§ **Problem to work on**
Would you copy exactly the lines in the data below from the one that has "한국계 캐나다 아티스트" through the one that has "Radisson Blu la", dropping any pictures?

Listed records below:

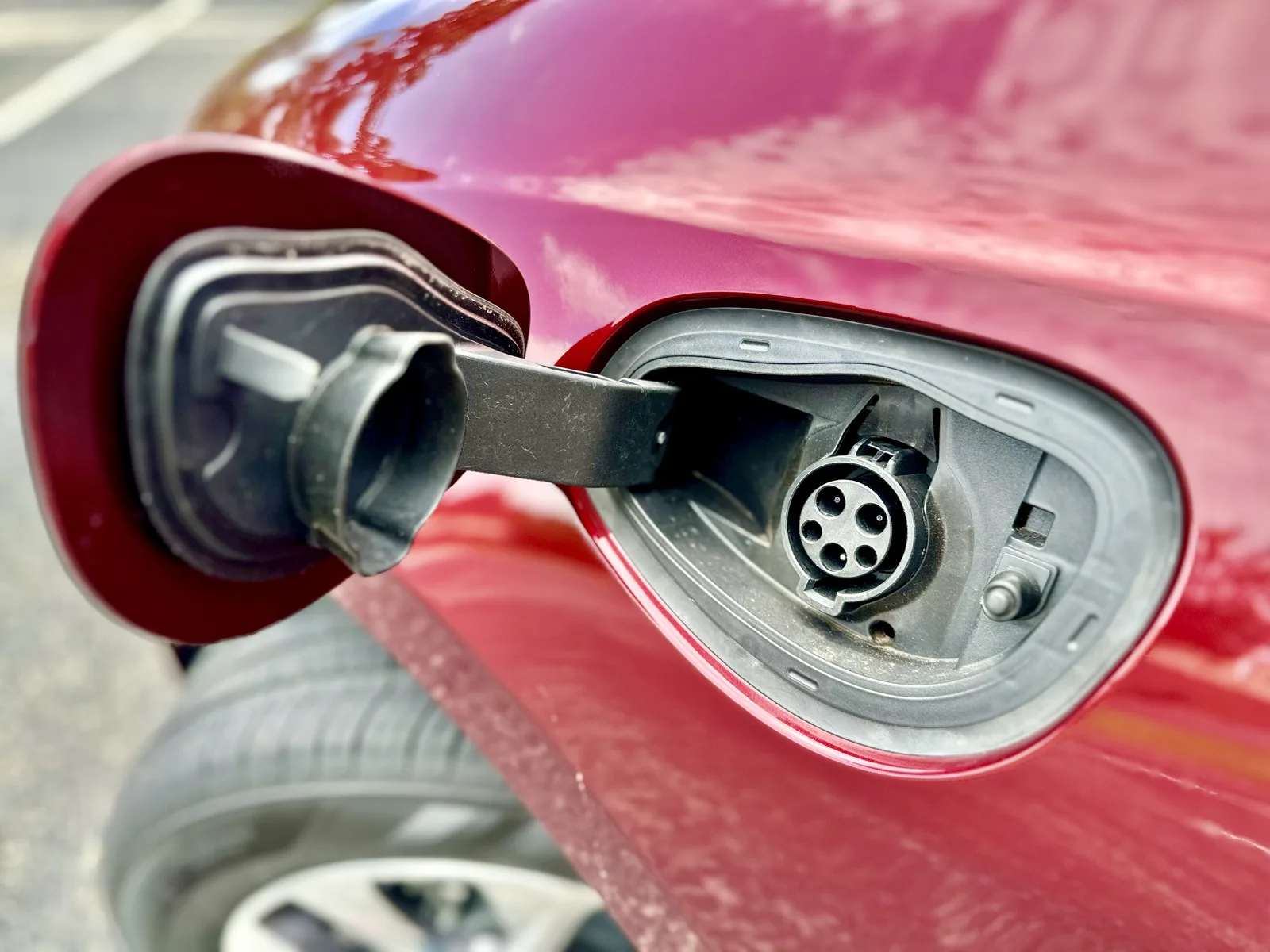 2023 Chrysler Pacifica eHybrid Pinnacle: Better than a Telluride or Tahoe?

End of Listed records.
Listed records below:

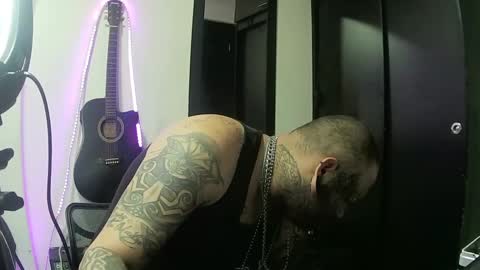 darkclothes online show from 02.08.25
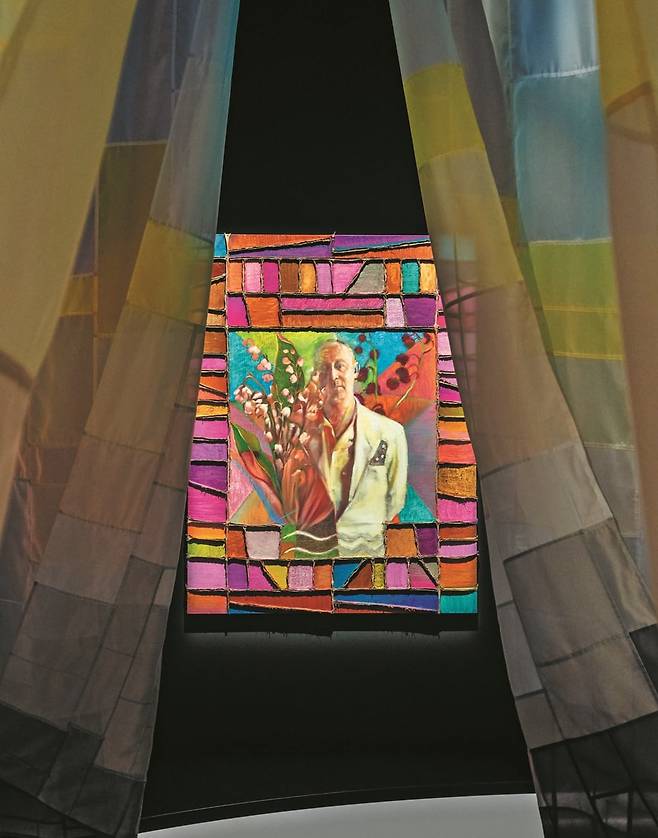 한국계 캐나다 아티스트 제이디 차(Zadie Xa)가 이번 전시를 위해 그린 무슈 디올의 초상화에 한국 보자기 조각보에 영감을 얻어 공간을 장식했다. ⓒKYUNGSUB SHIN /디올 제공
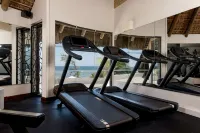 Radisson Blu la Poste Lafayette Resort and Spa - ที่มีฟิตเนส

End of Listed records.
Listed records below:

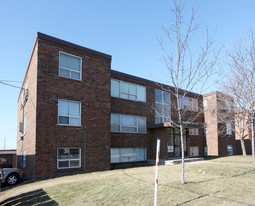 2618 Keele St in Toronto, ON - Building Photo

End of Listed records.

§ **Response to this exercise**
 한국계 캐나다 아티스트 제이디 차(Zadie Xa)가 이번 전시를 위해 그린 무슈 디올의 초상화에 한국 보자기 조각보에 영감을 얻어 공간을 장식했다. ⓒKYUNGSUB SHIN /디올 제공
 Radisson Blu la Poste Lafayette Resort and Spa - ที่มีฟิตเนส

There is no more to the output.